Click here to browse the Iran-U.S. Trigger List, our interactive map and early warning tool tracking flashpoints between the two countries. 

Perhaps these actions are a prelude to negotiations: the U.S. is exerting “maximum pressure”, it says, to bring a more compliant Iran back to the table; in like manner, should Tehran conclude that it has no choice but to reach a new deal with Washington in order to relieve unsustainable economic strain, it will want to enter such talks with a stronger hand. Resuming its nuclear activities, making its presence felt in the region, and disrupting Saudi or Emirati oil exports could all be ways of enhancing its bargaining power. But if these manoeuvres are a diplomatic game, it is a dangerous one: either side could misinterpret the other’s intentions. Any Iranian move could easily lead to U.S. and/or Israeli strikes which, in turn, could lead to an Iranian counter-response. Or vice versa. Escalation comes easily; de-escalation is a much taller order, especially in the absence of direct channels of communication that can pre-empt misunderstandings or miscalculations.

In short, whether or not Tehran was directly or indirectly behind the recent attacks (the Huthis in Yemen claimed responsibility for the attacks in Saudi Arabia; the earlier offshore incident has gone unclaimed; Iran has denied any connection to the incidents and called for an investigation), and whether or not Washington is manufacturing accusations to justify a spike in military activity, all the ingredients for an escalation are present. Even assuming that neither side seeks war, growing friction at all the flashpoints between the two sides (see our Trigger List early-warning platform) mean that intentions may not suffice to prevent it. The consequences could be calamitous for states and peoples in the immediate region, but also for the international economy, given its high dependence on the free flow of oil from the Gulf.

Iran should reciprocate by returning into full compliance with the nuclear deal.

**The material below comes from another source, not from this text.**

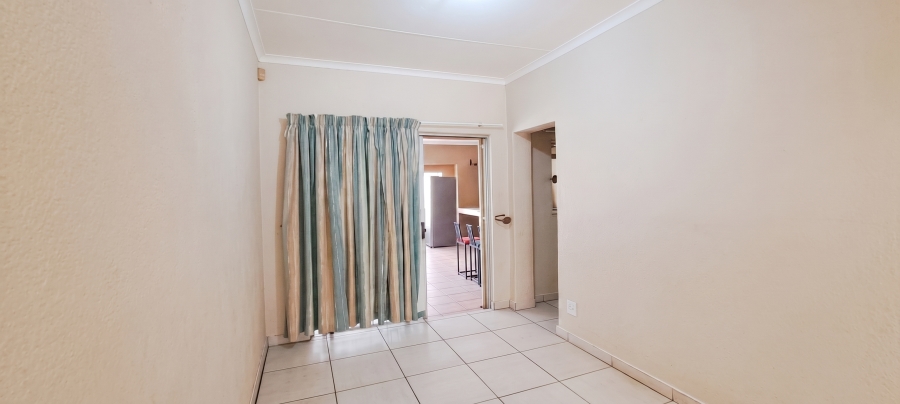 To Let 3 Bedroom Property for Rent in Roodekrans Gauteng
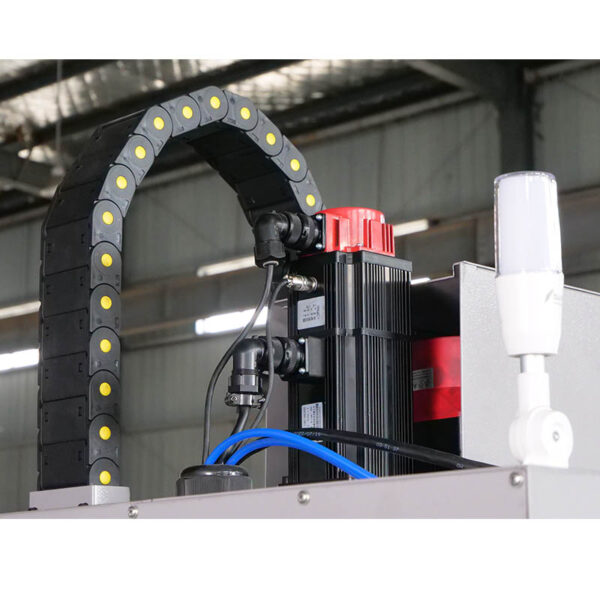 FRESADORA-CNC-XK7124-5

It is not too late to avert this outcome. Key to de-escalation will be the ability of the remaining parties to the nuclear deal to give Iran an economic reprieve. In particular, Europe could shed its reluctance to indirectly import Iranian oil in partnership with Russia and China. If Russia swaps oil with Iran and China continues to import Iranian crude, the transactions would generate credit that the parties could inject into Europe’s special purpose financial vehicle (Instex), allowing Iran to engage in trade with these countries without access to the U.S.- dominated global financial system. These countries could also provide Iran with development aid to repair and renew its infrastructure. With Europe demonstrating willingness to go the extra mile, Iran should reciprocate by returning into full compliance with the nuclear deal. It also should exhibit restraint on the regional front and refrain from steps – direct or taken through partners – that could provoke its foes.

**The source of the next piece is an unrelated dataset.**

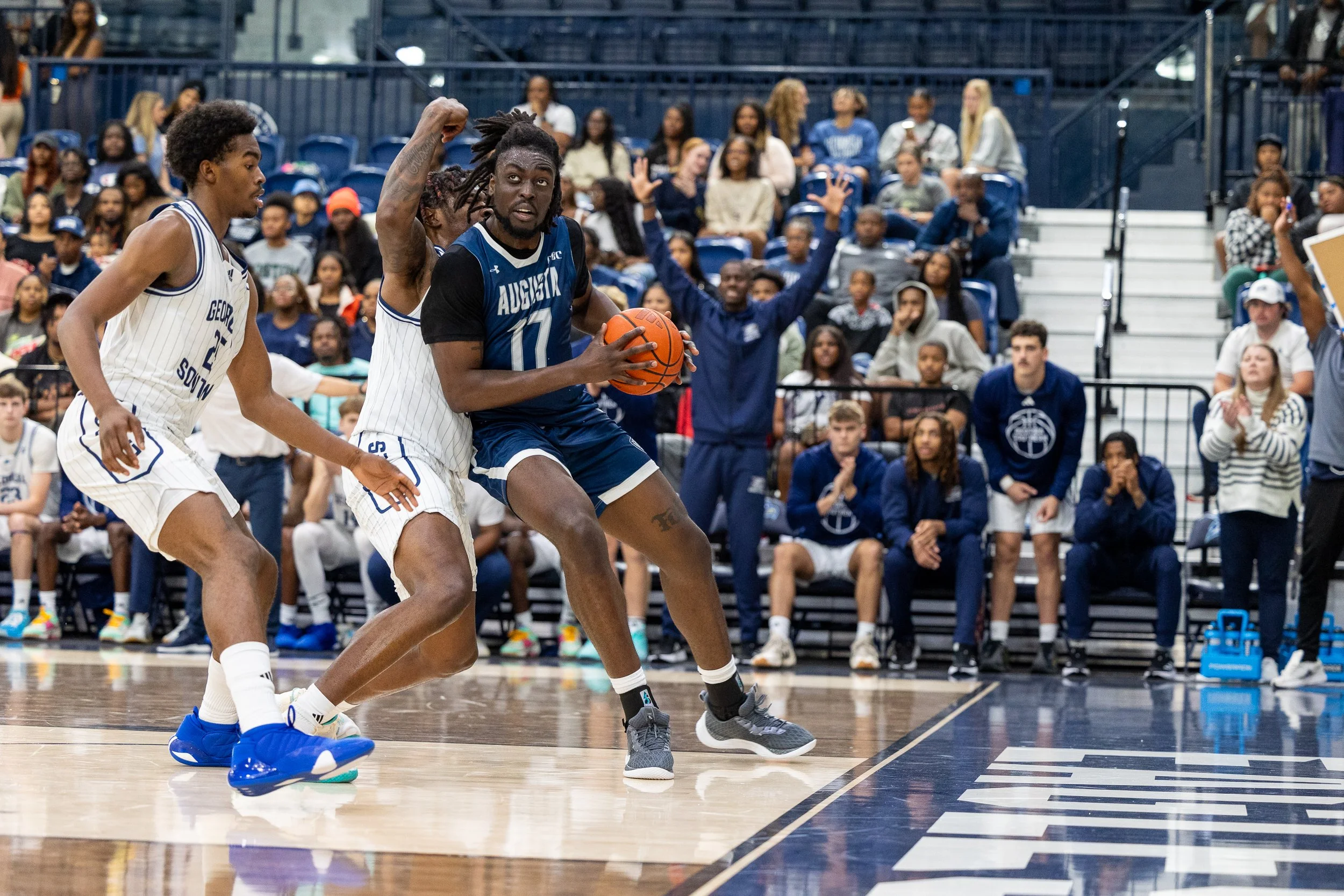 Amadasun signs with Spanish team Gandia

As for President Donald Trump, he faces a choice. Everything about his 2016 presidential campaign pointed in the direction of avoiding another costly and unnecessary military entanglement in the Middle East. So, too, does much about the vows he has made to his constituency since entering office. But everything about his administration’s policy toward Iran points in a strikingly different direction: toward war, by design or mistake. He says he wants the U.S. and Iran to talk. Yet he should know that the Islamic Republic will not start a dialogue if it feels it has a gun to its head; it will respond to perceived aggression in like manner, and that response could in turn engender an uncontrollable downward spiral. A back-channel dialogue eventually may be possible, but for that the U.S. ought to tone down its rhetoric and offer the Iranian leadership an off-ramp, for example by signalling its preparedness to put aside its maximalist demands and to find a mutually acceptable compromise.

President Trump might think that time is on his side, as sanctions continue to take their toll on the Iranian economy. But the wait-and-see period may have reached the end of its natural life. A crisis that he may not want but that some of his advisers may not mind lies just around the corner. It is past time for cooler heads to prevail and for all to move decisively to take the trains off collision course.